Reversal of fortune: Winning wolves may lose precious protection

POSTED 14 JULY 2000 On July 11, federal regulators proposed a lower level of protection for the gray wolf in much of the country.

photo of wolf pup Courtesy Yellowstone National Park.

Eventually, the carnivore could lose all protection under the Endangered Species Act.

The change is the cost of success. By 1973, extermination campaigns had practically eliminated wolves from the lower 48 states. Today, wolves are back.

Roughly 3,500 members of Canis lupus now reside in the lower 48 states, primarily in Minnesota, Wisconsin and Michigan, with smaller numbers in the Southwest and Rocky Mountains.

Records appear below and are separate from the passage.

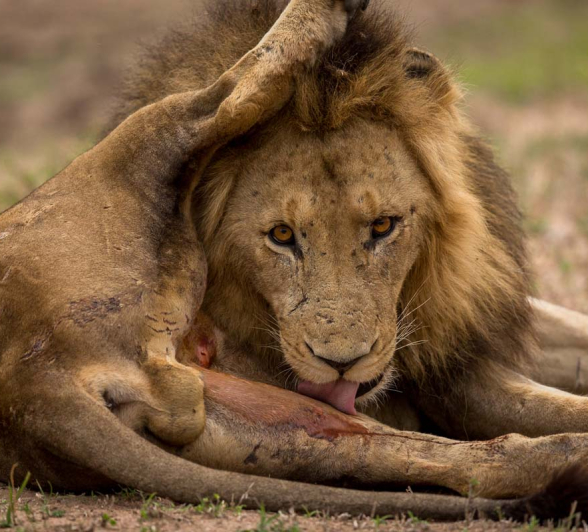11Pravir Patel Lion03 11Pravir Patel Lion03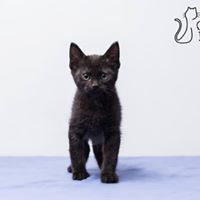 Josephine Rose Photo 10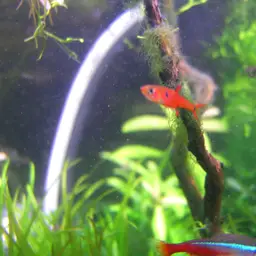 Three-spotted Dwarf Minnow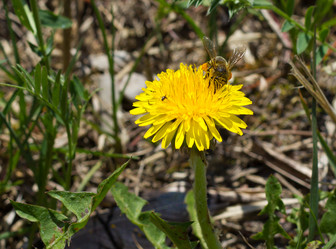 Similar image 21144812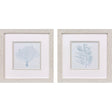 Paragon Soft Coral S/2 Blue 11 X 11 X 1 Wall Art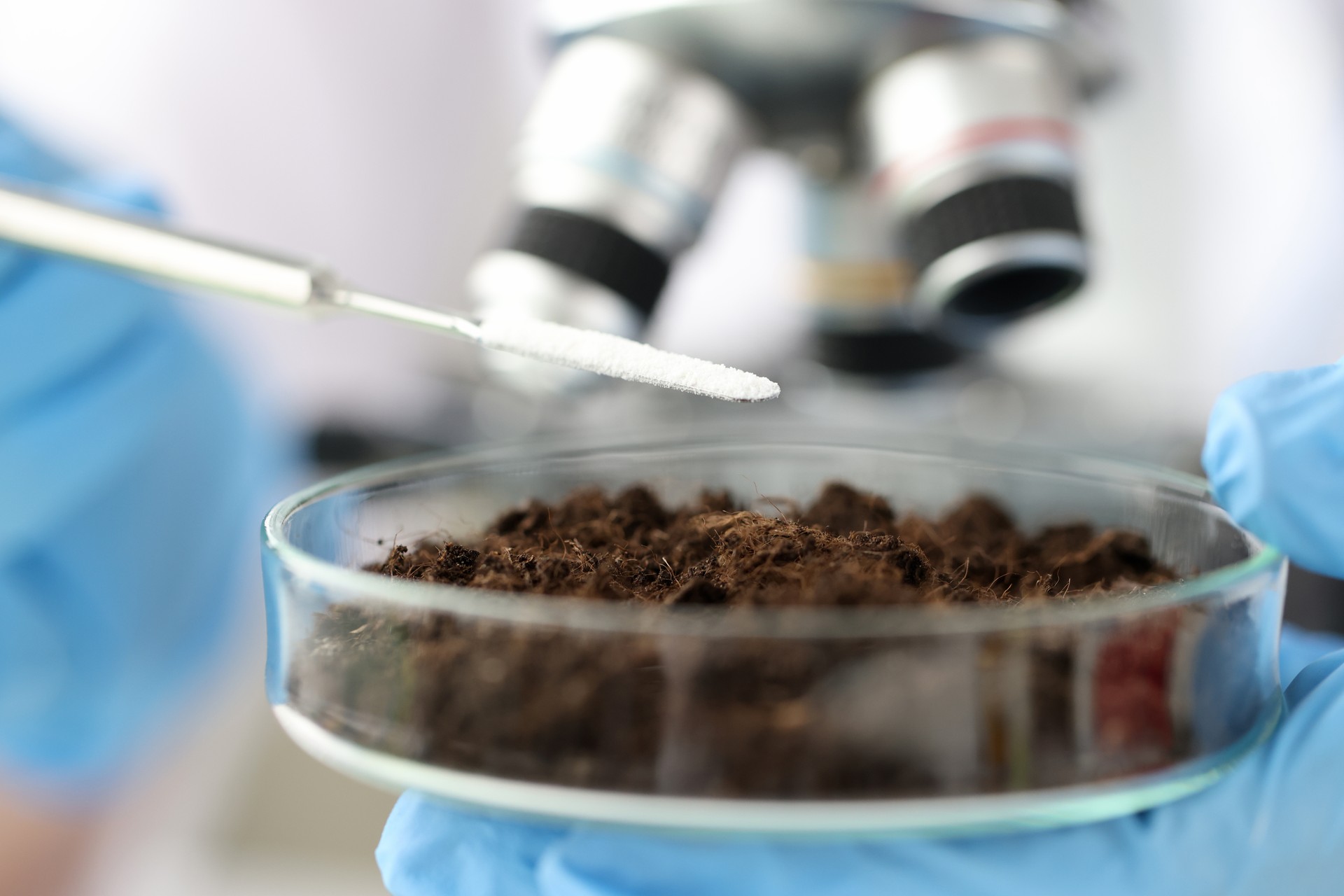 Chemist adding white powder to soil in laboratory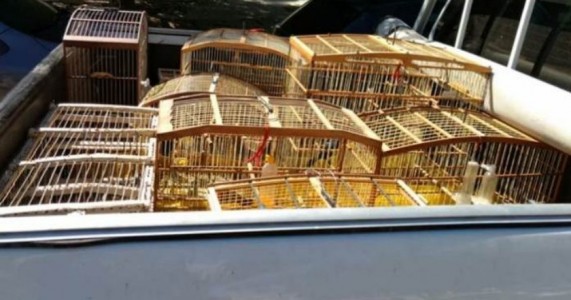 Inema e polícia apreendem aves silvestres em residencial de Juazeiro-BA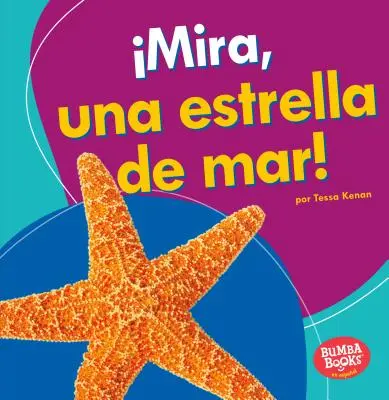 Mira, Una Estrella de Mar! (Nézd, egy tengeri csillag!) - Mira, Una Estrella de Mar! (Look, a Starfish!)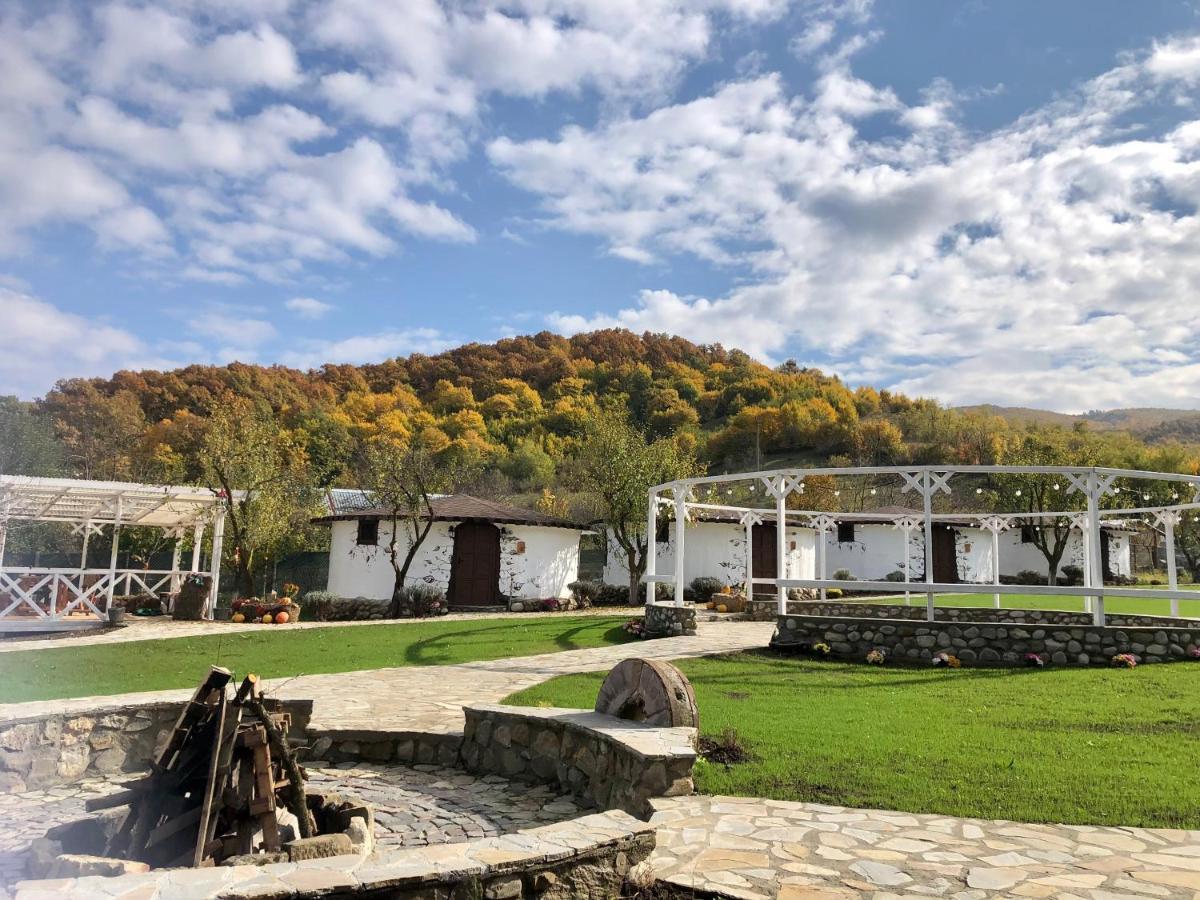 Hotel Satul Cu Flori Buzau Exterior foto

The rebound reflects natural increase among Midwestern wolves, and the success of a controversial program that started reintroducing the gray wolf to the Rocky Mountains. The 31 gray wolves trapped in Canada and loosed in Yellowstone National Park in 1995 and 1996 have increased to about 120 adults today.

Breeding season
The wolf's comeback is good news to wolf lovers and anyone who favors returning endangered species to their home ranges. Ironically, wolves are doing so well that they could soon lose some or all protection of the Endangered Species Act, which helped ensure their survival.

The goal of the Rocky Mountain reintroduction is to have at least 30 breeding pairs survive for at least three years. Once 10 pairs each survive in each area: Yellowstone, Central Idaho, and Northwest Montana, the wolf will be removed from the endangered species list.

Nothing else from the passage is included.